Monday, June 29, 2009

One More Poem


How we know them without seeing:

I am looking down, fingers tight at the weed root,
pulling. The sting of the June sun migrates,
shoulder to shoulder and then, as if laying down
their white palms, a chill starts, each bead of sweat
refrigerates, and I tilt nearly to earth. And I dream

of that summer, of blonde best friend Elizabeth
from Massachusetts who stood at the window
of our little Santa Fe rental spouting ohs, crooning
their multitudinous shapes: battleship, behemoth,
woman giving birth, chess pieces marching across
the western sky.
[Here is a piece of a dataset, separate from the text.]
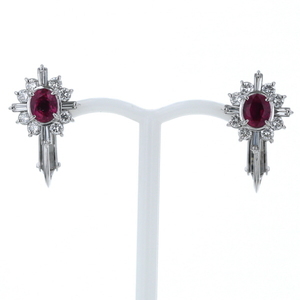 K14WG White Gold Earring Screw Type Ruby Diamond Oval Bucket Simple [New finished] [Used]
Or the shadow that crawls across

the book I read for hours then sleep to, then wake
in fear, knowing a spider is crawling over my hand
but no, just the shadow of a cloud I don’t have to
turn to, relieved. Or I am standing in the kitchen

and evening descends in the middle of the day
like a whale-bird, an unexpected lunar eclipse
till it moves on and the sun cocks its head
toward the world again. And I don’t have to see,

and it is enough to watch them in the mind--fat,
white, mansion-like, cut-out against the wide
New Mexico blue, tumbling over the Sangres

in the summer afternoons, in droves, like they have
for millions of years and will, sometimes with rain,
sometimes swift, sometimes just floating pure
pleasure into the sightless hearts of children.